In Graffiti Bridge, Prince dazzled in a number of guises, the titillating ruffles, the belted blazers and the flaring pants, topped off only by the countless hats Prince dons in the film as the star, the director, the writer and music mastermind.
Such are the endeavors of a virtuoso left uninhibited and for the visionary who held the world’s attention in the palm of his gloved leather hands, the informal sequel to Purple Rain, Graffiti Bridge, was released 29 years ago today, with all the musical markings of a funkadelic experimentalist gone freaky.
Prince refreshed his outfits with the same outrageous and urgent sense of versatility that he applied to his music-making. He was no genius in hiding; rather, Prince put his sonic outlook in the world with one sole stickler of a trademark: non-binary. The explosion of a soundtrack came with no warning, save for the “techno-thunderclap,” detonating in the first song, “Can’t Stop This Feeling I Got,” inciting the start of a musical trek designed by fearless exploration.
There were 16 tracks total that built a mounting staircase of surprises and yet just six tracks in, Prince achieved a breadth of manifold of deep cuts, embedded with feisty hand claps, seductive whispers, and brass woos, that would delight any cratedigger.
Opener "Can’t Stop,” a flourished funk-rock power punch, was emboldened by a fierce keyboard frenzy, setting the scene for the “New Power Generation,” an anthemic combination of upbeat and uptempo energy, a referential nod to Prince’s new band; “The Question of U,” offset its screaming whistle entrance by easing into a sultry, laidback R&B number that sounds as spiritual as it does romantic.

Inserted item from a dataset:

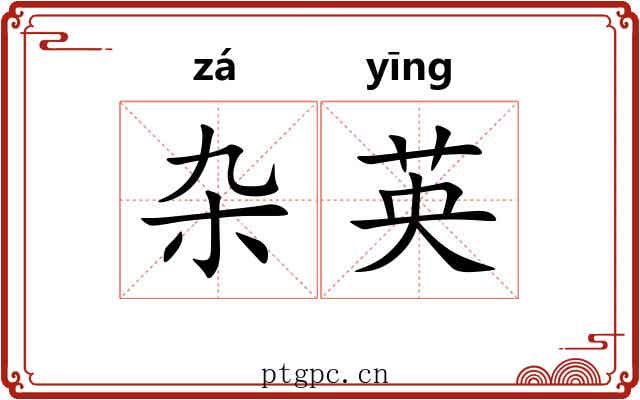 杂英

By the time one of the film’s final tracks, “Still Would Stand All Time,” came around, it was abundantly clear that Prince pursued a stylistic duality to all his productions, resulting in a multi-spatial, cultural and sensual dynamic.

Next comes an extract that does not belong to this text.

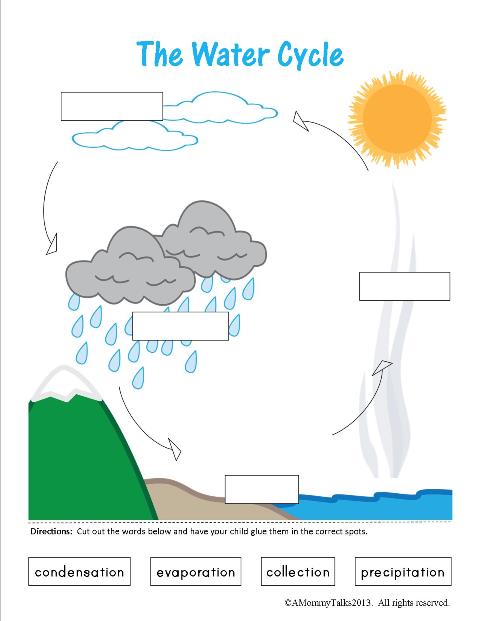 The Water Cycle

In confession, the soundtrack accompanying "Graffiti Bridge" was as scattered as it was calculated, a testament to Prince's preference for a promiscuous musical climate, rather than a stagnant end-zone. To this day, a conscious digestion of the artist’s creations necessitates a meditation both carnal and spiritual, a conquest conceived by a soul living outside the flow of the mainstream and intended similarly.